Indian festival a growing tradition
With the bright blue waters of Lake Tahoe in the background, the Tallac Historic site provided a perfect stage last weekend for the Washoe Tribe’s cultural event showcasing American Indian arts.
Hundreds of people – coming from numerous tribes as well as many people with no American Indian heritage – attended the Wa She Shu It Deh Native American Arts Festival 1998.
Basketry of many Western tribes, jewelry, crafts and native dancing highlighted the eighth annual Wa She Shu It Deh – Washoe People’s Land – festival.
“One of the goals that we have here is to promote the Native American culture and to share it with everyone,” said William Dancing Feather, cultural resources coordinator for the Washoe Tribe of California and Nevada.
The event began with a focus on basket making, Dancing Feather said, but has grown over the years.
Now, not only is there a basket-making competition, but six dancing groups performed all weekend and booths and tables were set up to show and sell baskets, crafts, jewelry and Indian tacos.
In addition to Washoe members, Paiute, Shoshone and many other Western tribes participated in Wa She Shu It Deh.
What do those who come enjoy about it?
“Everything,” said Michael Bojorquez. “The food, the crafts, the dancing, the baskets especially, to see all the wonderful things that are going on.”
Bojorquez, a member of the Mayan Tribe from Mexico, and his wife, Lydia, a member of the Ohlone Tribe from California, came from the Sacramento area to attend the festival.
“We came last year, and we just decided we’d make this an annual event,” he said.
Those without American Indian heritage enjoyed the festival as well.
Ken and Chris Cairns came from Minden, Nev., because they enjoy learning from and being a part of the cultural event, they said.
“It’s a famous event,” Ken Cairns said. “We like to see the dancing, and we like to see a lot of nice crafts.”
The Washoe Tribe sponsored the event, receiving a little help from other agencies. The Nevada Arts Council provided funds, and the U.S. Forest Service waived the fee for using the Tallac Historic Site.
Dancing Feather said it is hard to determine how many people will attend each year.

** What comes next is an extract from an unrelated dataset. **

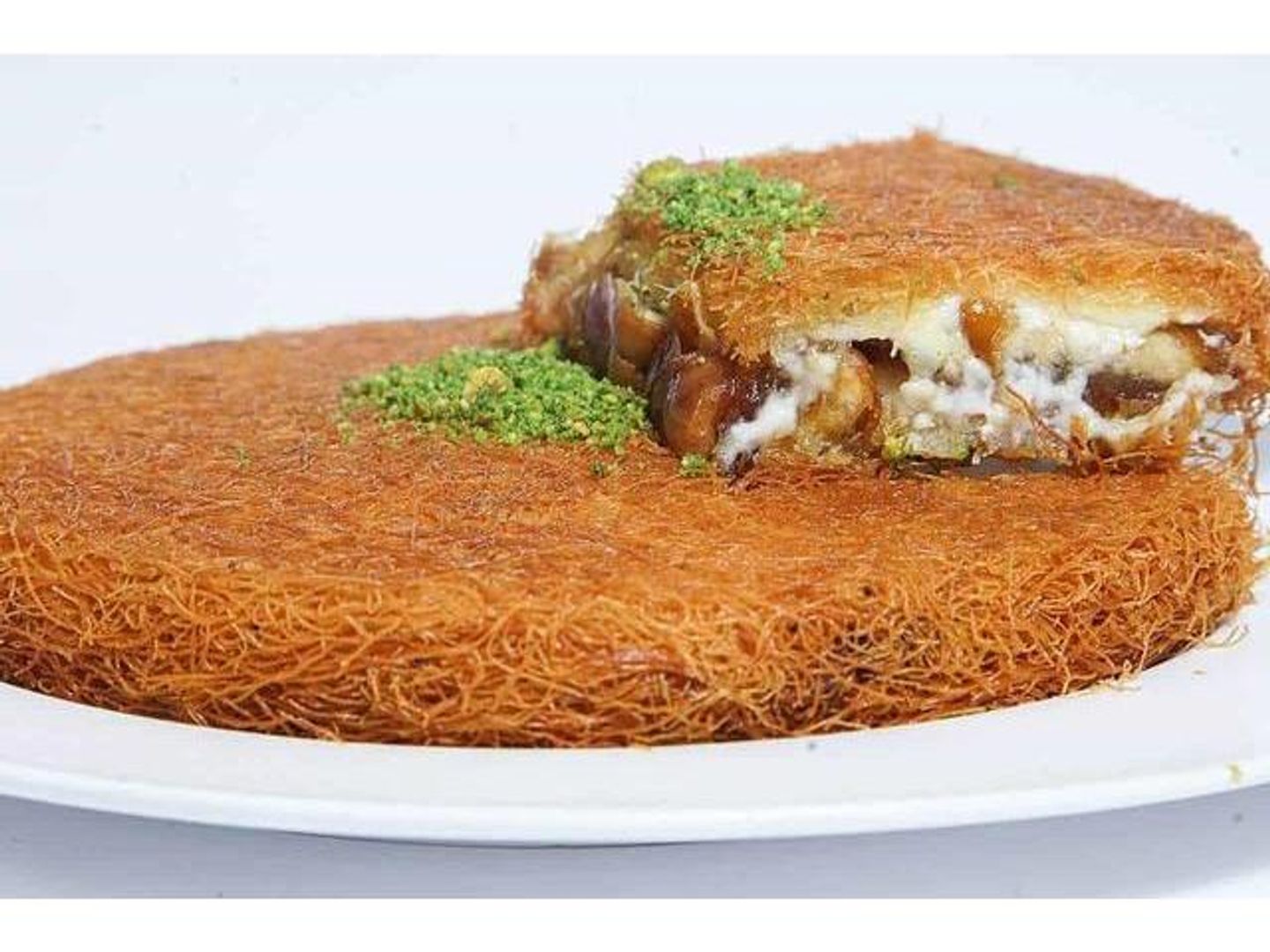 كنافه قشطة وتمر - صغير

“That’s really hard to say. It varies from year to year,” he said Saturday morning. “We’ve had as many as 500 to a couple thousand turn out before. It looks like we have a couple hundred here right now.”
Dancing Feather said the Washoe Tribe is proud of the event and happy it has continued to grow.
“From the event starting out with baskets, it has grown and now has arts, crafts, dancing, booths and vendors,” he said. “Now it includes all the Great Basin tribes and the California tribes. The festival is a growing event.
“I think it’s great. Everyone enjoys it.”